A Spanish-speaking Uber driver was fined $250 at Miami International Airport Sunday morning for violating a county requirement that drivers be able to communicate in English.
The alleged violation left the driver, Carmen Hechevarría, complaining of unfair treatment in a county where Census figures show 73 percent of the population speaks a language other than English at home at least some of the time. Uber said it has never required drivers to be able to speak English, saying the English-language app drivers use to communicate with passengers complies with Miami-Dade’s language rule.
“It says they have to communicate in English,” Uber spokesman Javier Correoso said of the county rule. “It doesn’t say they have to speak English.”
Telemundo 51 first reported the citation, including cellphone video Hechevarría recorded showing an airport security officer, in Spanish, explaining why he was issuing her a ticket.
“I felt discriminated against,” Hechevarría told Telemundo, as reported by Channel 6.
Karla Damian, a spokeswoman for Miami-Dade’s Transportation Department, which regulates for-hire vehicles, provided numbers that suggested the violation is hardly rare. The airport and Miami Beach have cited about 40 drivers for not meeting county rules regarding English.
I felt discriminated against.
Uber driver Carmen Hechevarría, fined $250 at the Miami airport for not being able to speak English
Miami-Dade commissioners approved the English-language provision when they adopted county legislation in May 2016 authorizing Uber, Lyft and other ride-hailing companies to compete with taxis. English proficiency has been a longstanding requirement for Miami-Dade taxi drivers, and the county’s “Uber law” states ride-hailing drivers shall “be able to communicate in the English language.”

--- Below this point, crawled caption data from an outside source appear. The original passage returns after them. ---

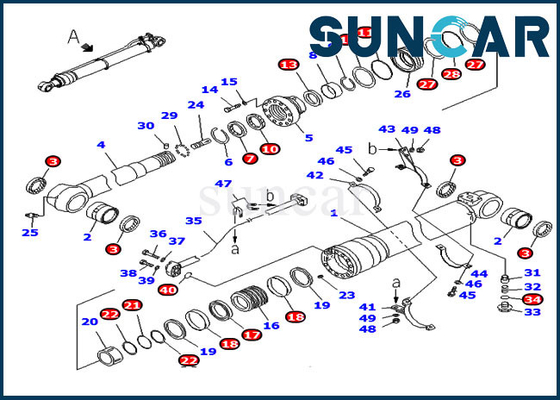 acheter Kit de joint de cylindre de bras de KOMATSU 707-98-58240 7079858240 pour l'excavatrice Sealing Parts de PC220LC-8 PC240LC-8K online manufacture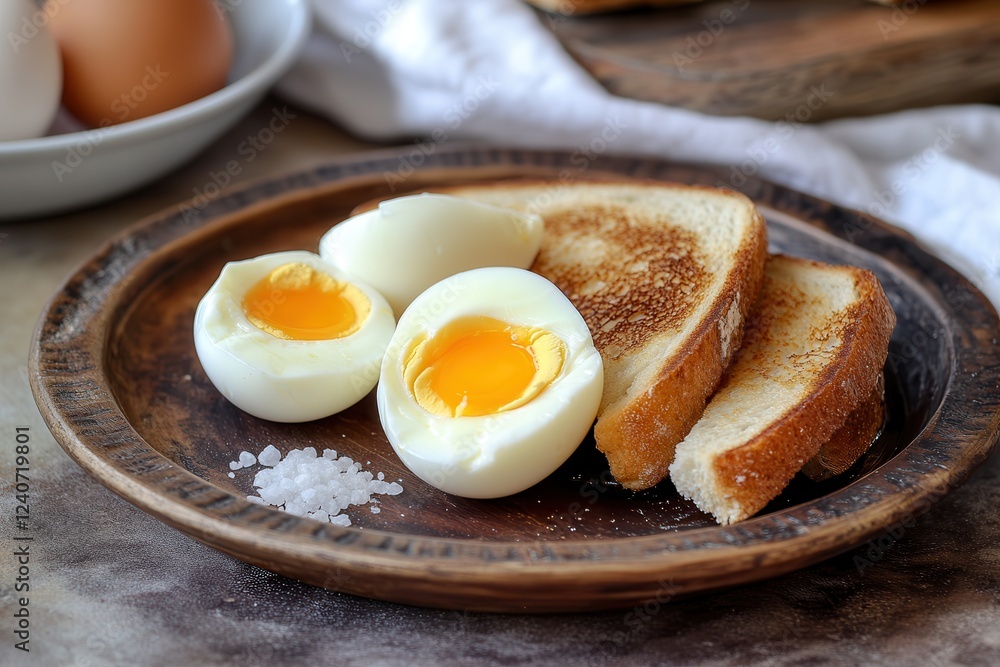 Delicious breakfast setup featuring boiled eggs with salt and toasted bread on a rustic wooden plate. Generative AI Delicious breakfast setup featuring boiled eggs with salt and toasted bread on a rustic wooden plate. Generative AI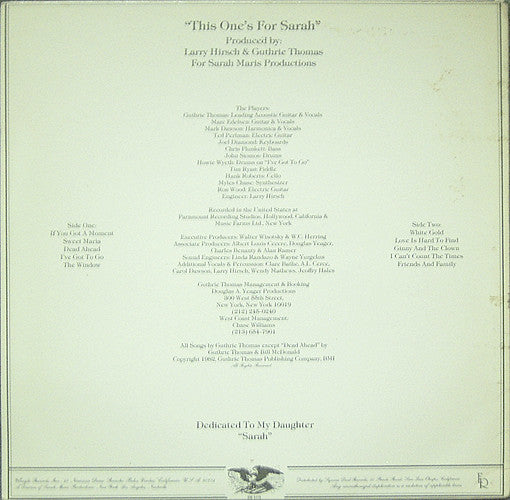 Guthrie Thomas : This One's For Sarah (LP)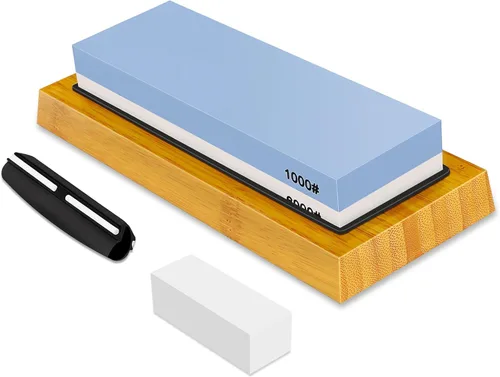 Kit de piedra de afilar cuchillos de piedra de afilar premium, afilador de piedra de afilar de grano lateral 1000/6000, juego de piedras de afilar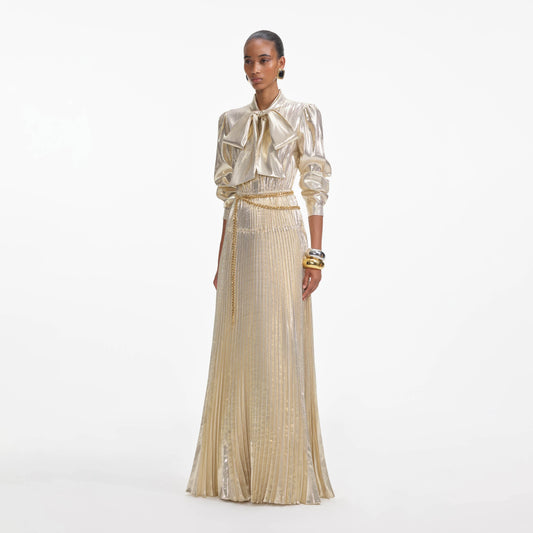 Gold Metallic Tie Neck Maxi Dress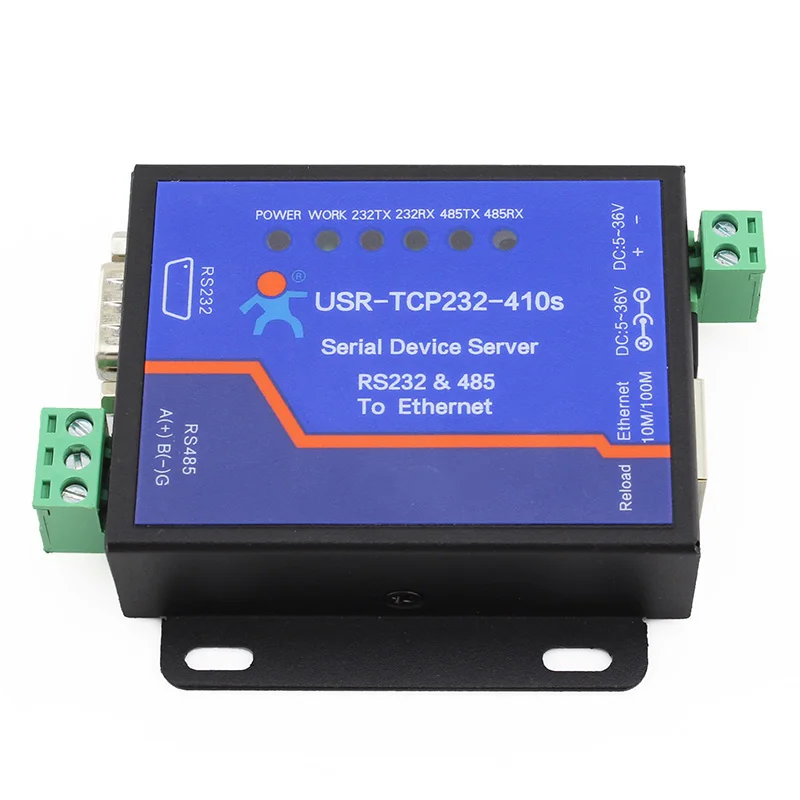 

USR-TCP232-410S Free Shipping Ethernet Converter Serial RS232 RS485 2 Ports Ethernet Converter Support Modbus Gateway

While hard fought, the county’s Uber law is on the verge of being pushed aside by Florida legislation that bars local governments from regulating ride-hailing companies in most circumstances. The Florida law does not include English-language requirements, but it does not go into effect until July 1.
That means the county’s requirements on English were in effect when Hechevarría was issued her citation. On Sunday, an MIA officer monitoring traffic at the airport saw Hechevarría letting passengers out on the curb. After saying good morning in English to Hechevarría, the officer said the driver didn’t respond.
“She looked at me like she did not understand me,” MIA officer Detra Johnson wrote. Johnson called over a Spanish-speaking colleague to translate. “The more he spoke to her,” Johnson wrote, “the more he realized she could not speak or understand English.”
The incident highlights the unique problems Uber faces at the Miami airport, one of its most popular destinations. With a vast terminal and multiple curbs available for pick-up, passengers often find they need to contact a driver by phone to narrow down where to go — and even which of the waiting Uber cars is for them.
She looked at me like she did not understand me.
Miami International Airport officer Detra Johnson
Uber is pushing airport officials to designate a holding area where drivers could wait for hails, a move designed to cut delays in pick-up times. The company also wants signs at the airport directing passengers where they should wait for a driver.
The Florida law carves out room for local governments to control how ride-hailing companies operate at airports and seaports, leaving Miami-Dade some leverage after July 1. The MIA deal could be wrapped into a settlement of more than $3 million in fines Miami-Dade issued to Uber drivers during the two years the company operated without a county ride-hailing law. County and Uber representatives say they expect an agreement on the fines to be brought before the County Commission in July.
This article was updated to say that the roughly 40 citations against ride-hailing drivers over Miami-Dade rules requiring the ability to communicate in English came from the county and Miami Beach.